En su camino hacia el arte, Díaz recordó la falta de espacios de formación en su comunidad, lo que lo llevó a buscar orientación por su cuenta. A través de Facebook, recibió apoyo de Erlyn Saúl, quien le informó sobre las escuelas de Bellas Artes, marcando un hito en su búsqueda de formación artística.
A pesar de haberse graduado con honores en agronomía y tener una proyección laboral prometedora, Díaz decidió seguir su verdadera pasión. Conversó con su familia y se trasladó a Santo Domingo para dedicarse a su carrera artística. “¿Quieren un hijo exitoso económicamente o uno feliz trabajando en lo que le gusta?”, se cuestionó.
Díaz también abordó la necesidad de cambiar la percepción negativa que muchos tienen sobre el arte, señalando que la idea de que los artistas no pueden tener estabilidad económica es un mito que ya no se sostiene. “El arte requiere disciplina, preparación y profesionalismo”, afirmó, desafiando creencias generacionales.

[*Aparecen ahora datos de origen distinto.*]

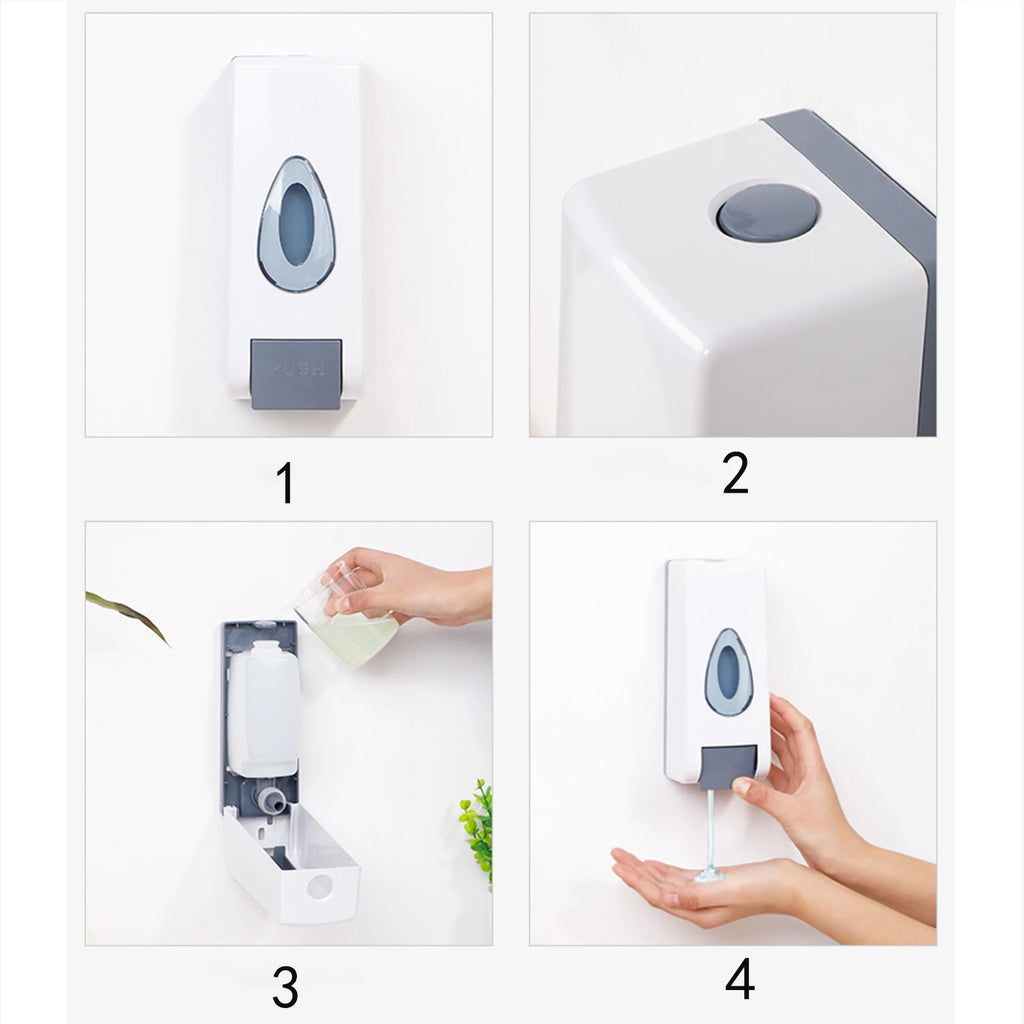 Manual Liquid Soap Dispenser Wall Mounted Shower Soap Shampoo Container for Commercial Kitchen Restaurants Household Washroom
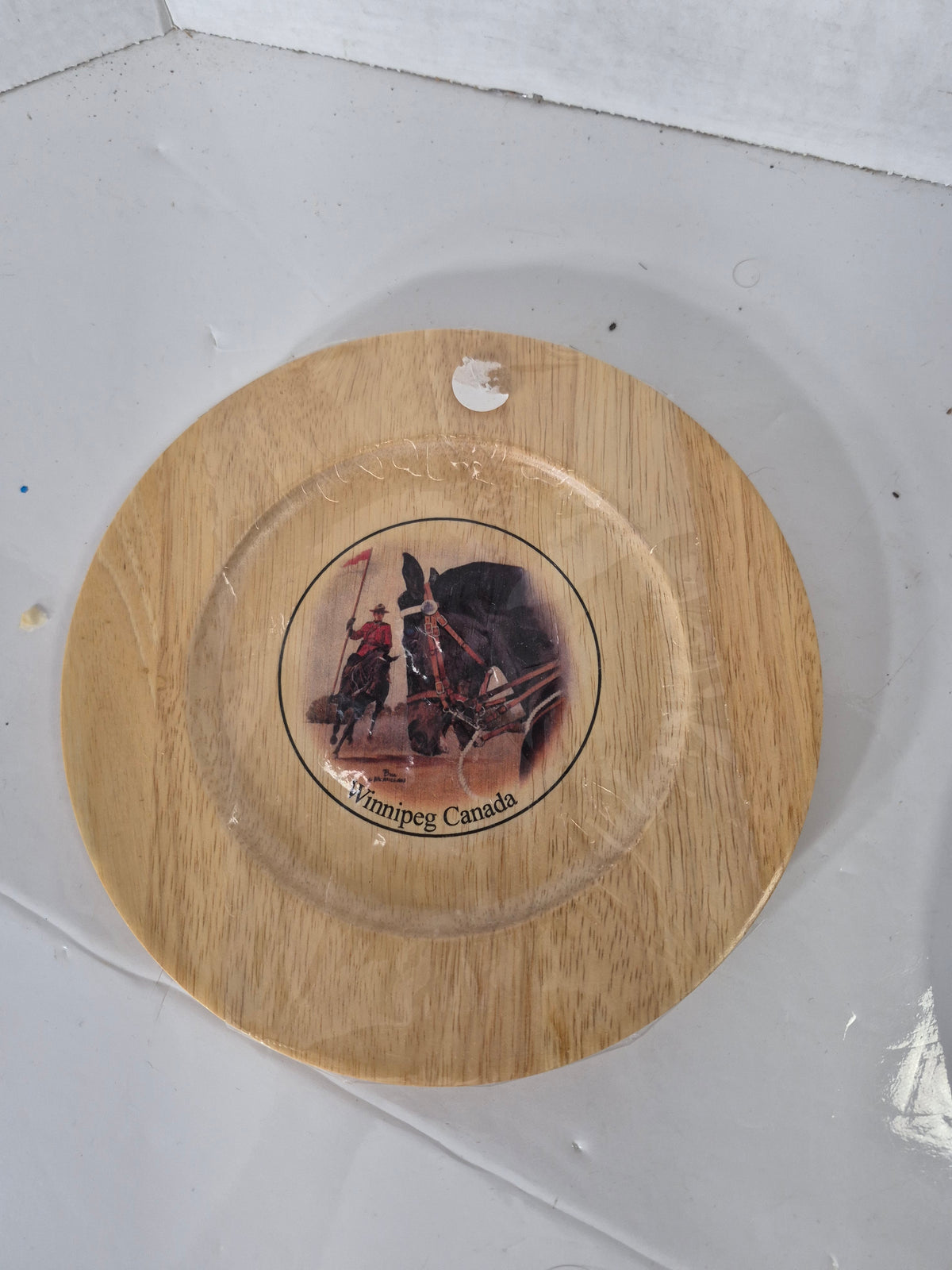 Canadian-Made RCMP Mountie Wooden Souvenir Plate – Winnipeg Canada – 8"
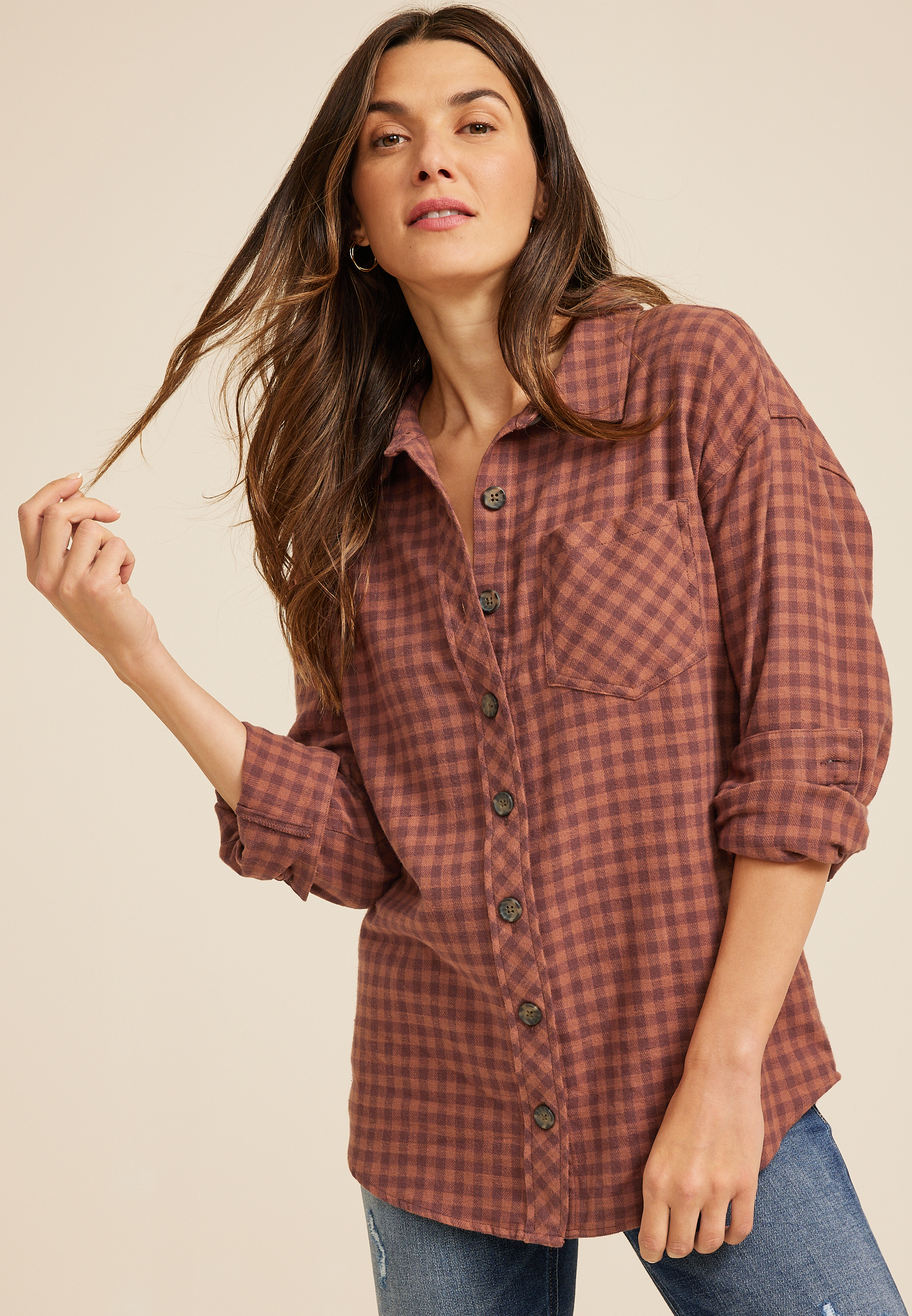 HABITAT BLURRED PLAID BOYFRIEND TUNIC main image 1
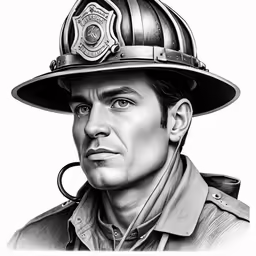 a black and white drawing of a fireman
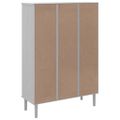 vidaXL Knižnica SENJA, ratanový vzhľad, biela 90x35x130 cm, borovica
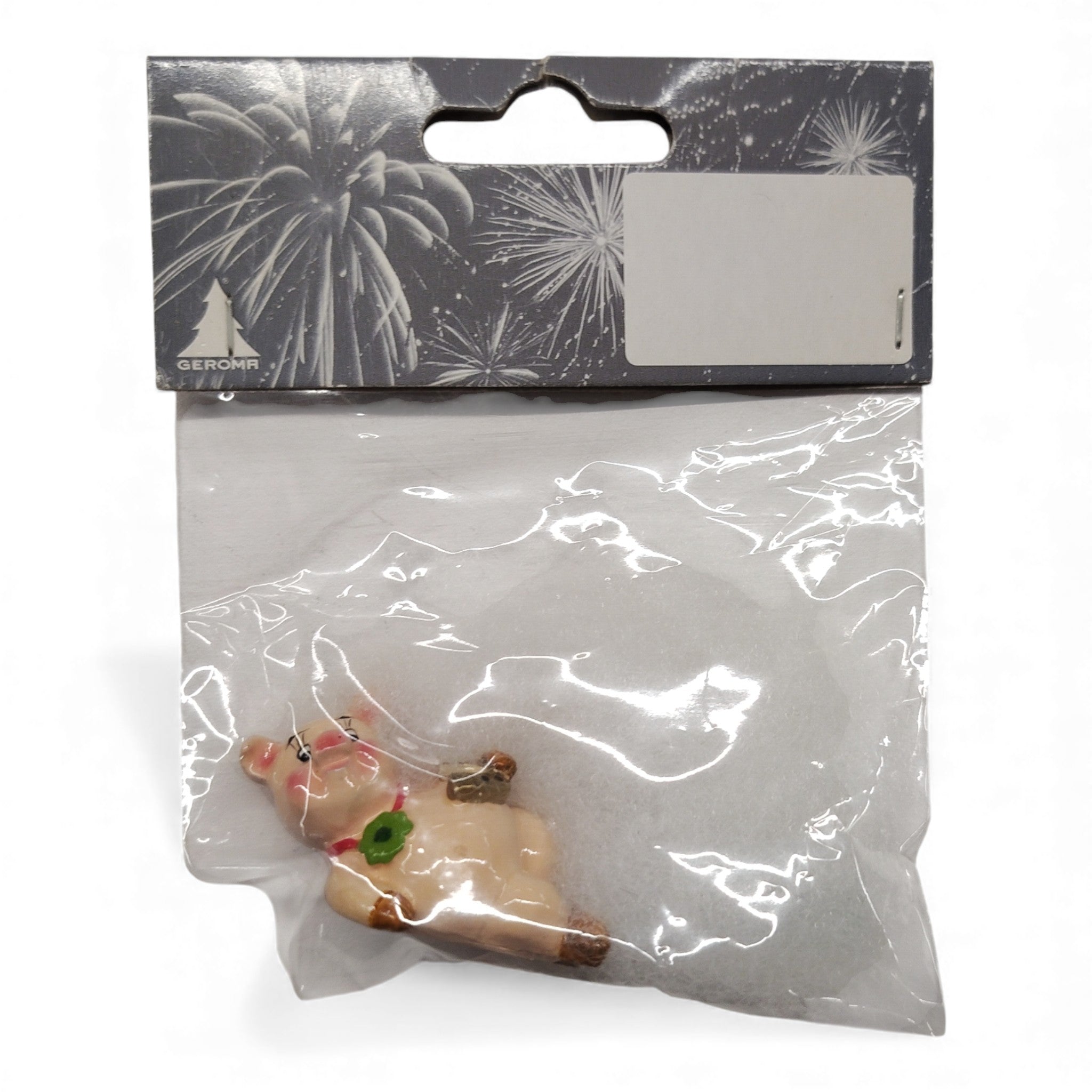 Weihnachtsfigur Glücksbringer Schweinchen liegend, ca. 4,5 cm /  Weihnachtsdeko Abverkauf / TOP Neuware und B Ware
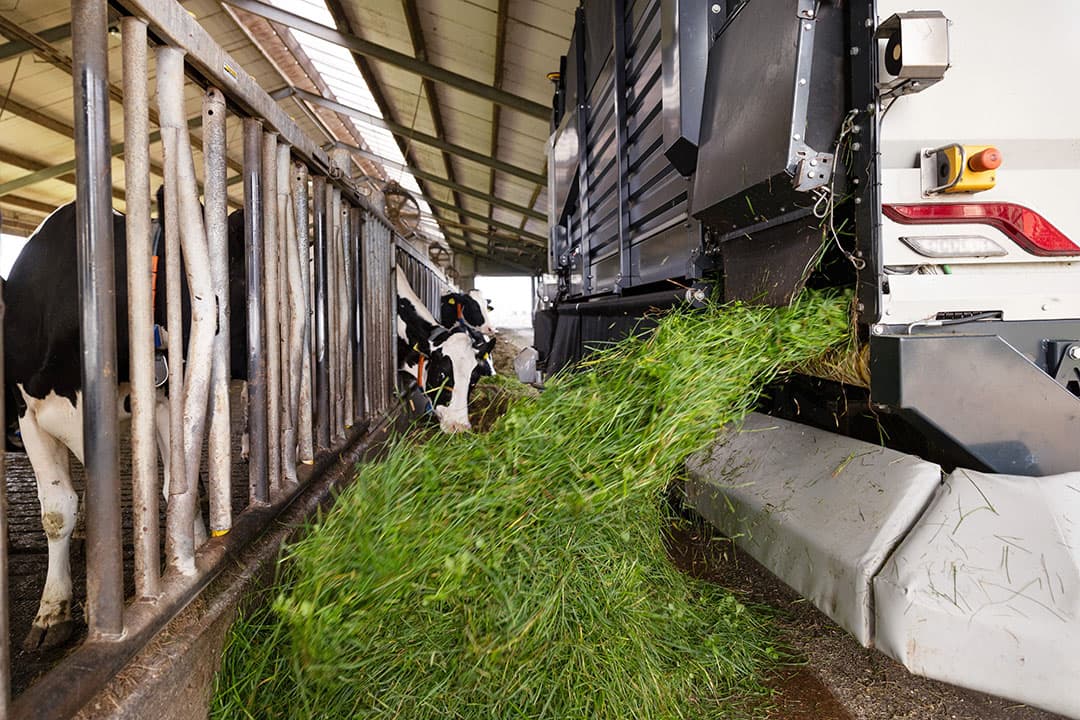 Naast maaien en lossen van vers gras, kan de robot ook nog bemesten tijdens dezelfde werkgang van net gemaaid land.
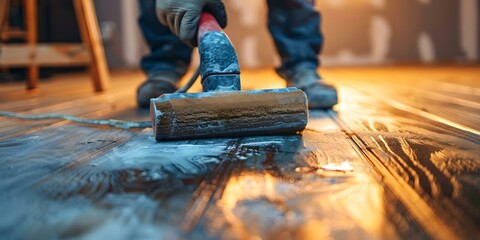 Renovation project: Workers sand and refinish hardwood floors. Concept Home Improvement, Hardwood Floors, Renovation, Sanding, Refinishing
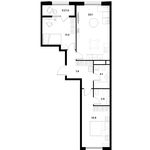 Планировка 2-комнатной квартиры, 61,9 м2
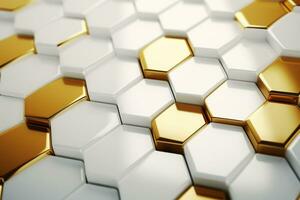 3d rendering of abstract hexagon background in golden and white color Ai Generated photo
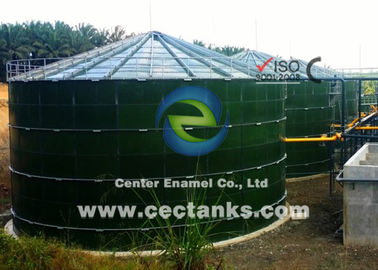 Tanques de aço fundido de vidro verde escuro para digestor de biogás, CSTR, AF com armazenamento de porta de biogás Sistema de membrana dupla
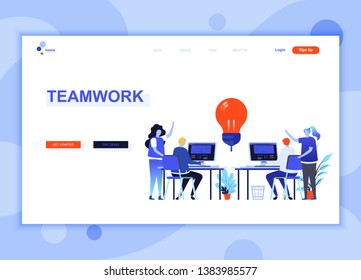 Diseño moderno de plantilla de diseño de página web plana de personajes decorados en equipo para el desarrollo de sitios web y móviles. Plantilla de página de inicio plana. Ilustración vectorial.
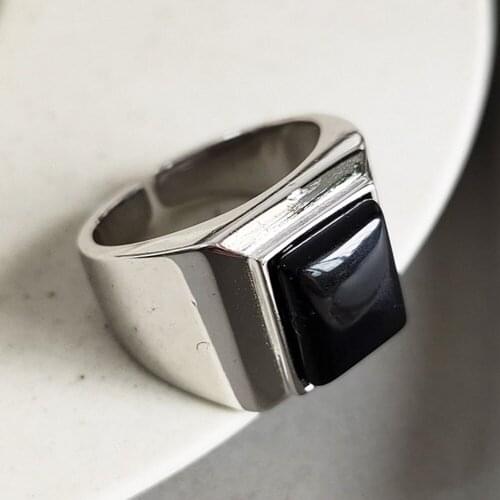 BOCAI New jewelry 100% real s925 pure silver ring for man heavy industry natural black agate rectangular man ring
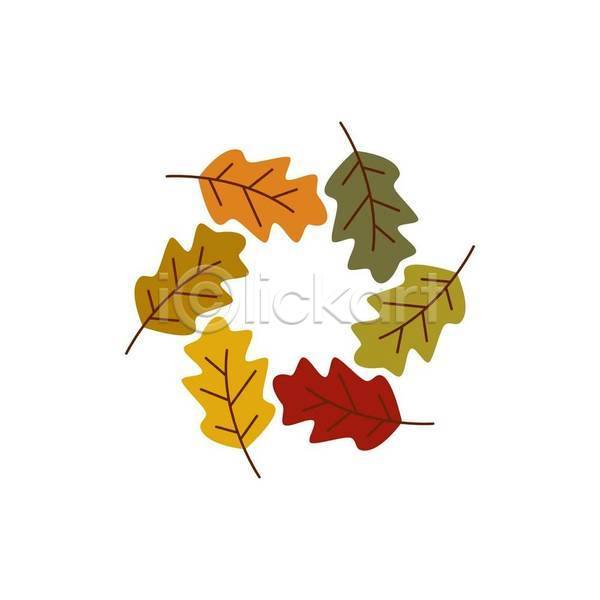 사람없음 EPS 일러스트 해외이미지 가을(계절) 낙엽 단풍 엘리먼트 원형 잎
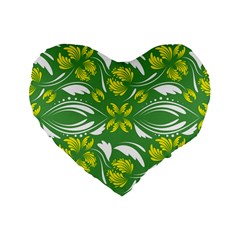 Folk Flowers Print Floral Pattern Ethnic Art Standard 16  Premium Flano Heart Shape Cushions by Eskimos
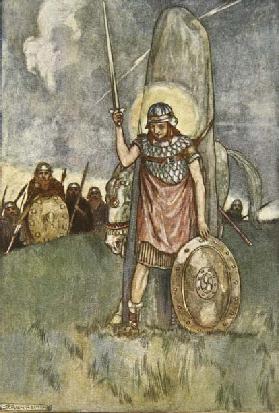 Cuchulain comes at last to his death, illustration from Cuchulain, The Hound of Ulster, by Eleanor H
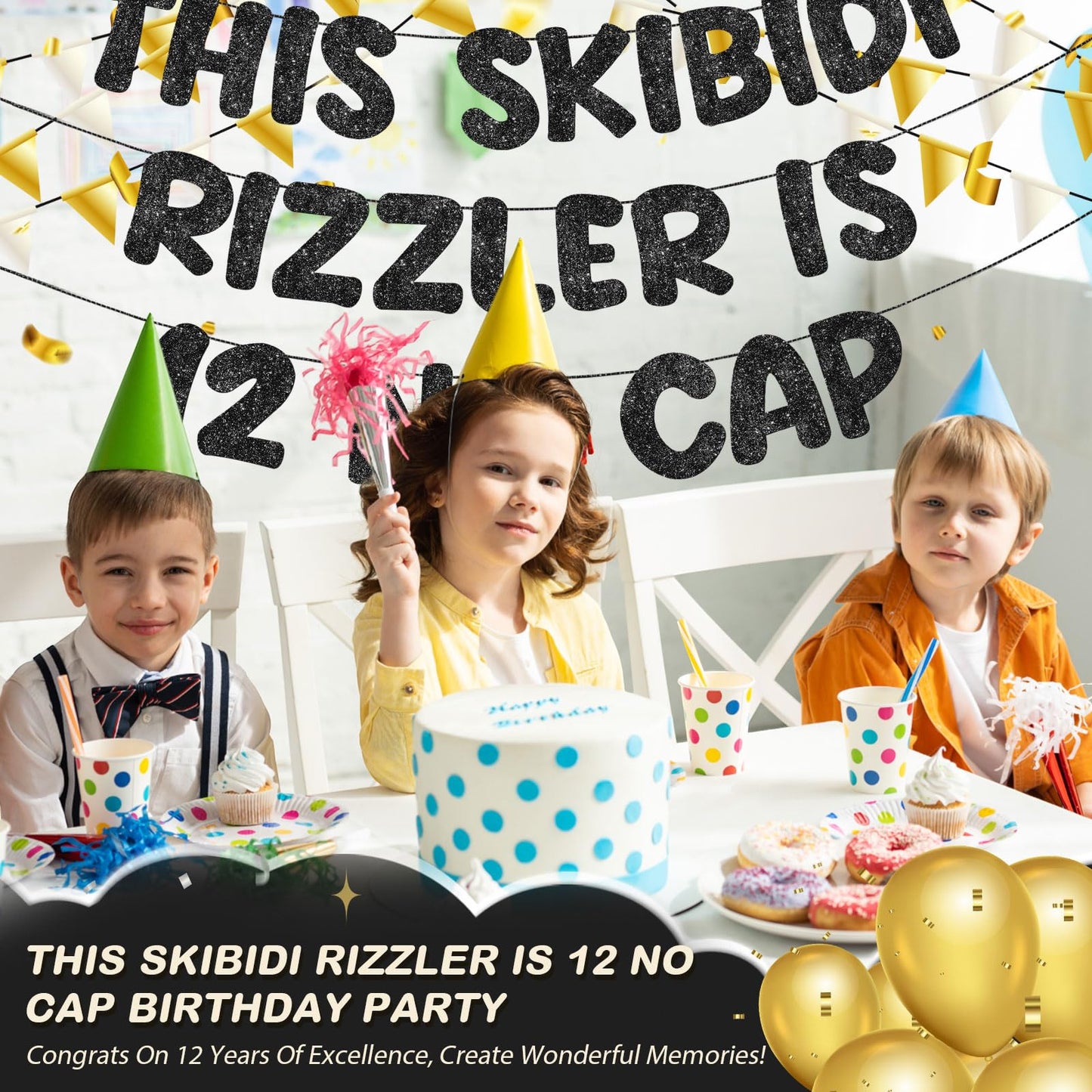 Fulmoon Pre Strung This Skibidi Rizzler Is 12 No Cap Glitter Banner 12th Birthday Party Decorations, Funny Birthday Sign, Party
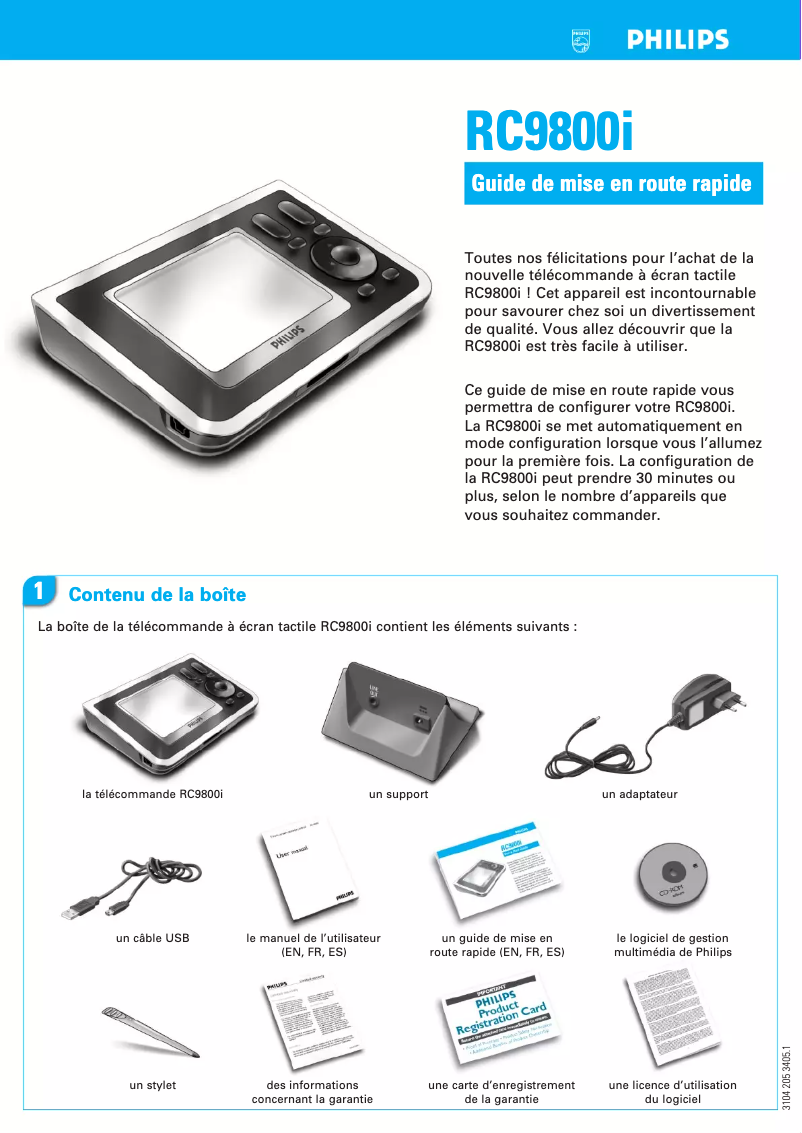 Page n°1 - Guide de démarrage rapide Philips RC9800I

El actor enfatizó que el arte no es una actividad informal, sino que demanda estudio y compromiso. La profesionalización, según él, es clave para el desarrollo de los artistas y la valoración de su trabajo en la sociedad.
Además, Díaz subrayó la importancia de cuidar la salud mental en el proceso creativo, destacando que el equilibrio emocional es fundamental para su crecimiento personal y profesional. Estas reflexiones las compartió durante una entrevista en el programa La Embajada, transmitido por El Nuevo Diario TV.
En cuanto a su carrera reciente, Díaz habló sobre su participación en la serie de Netflix Esa Noche, describiéndola como una experiencia significativa que reafirmó su enfoque en sus objetivos. Un mes después de expresar su deseo de participar en una producción internacional, recibió la noticia de que formaría parte del elenco.
También mencionó su rol en la película Milly: La Reina del Merengue, basada en la vida de Milly Quezada, describiendo esta experiencia como un reto que lo llevó a enfrentar aspectos que había evitado, como el canto y el baile. “Milly representa una trascendencia en muchos aspectos en mi vida”, concluyó.
Díaz reafirmó que el arte es una herramienta de crecimiento y transformación, permitiéndole conectar con las personas y transmitir el valor del talento cuando se acompaña de preparación y compromiso.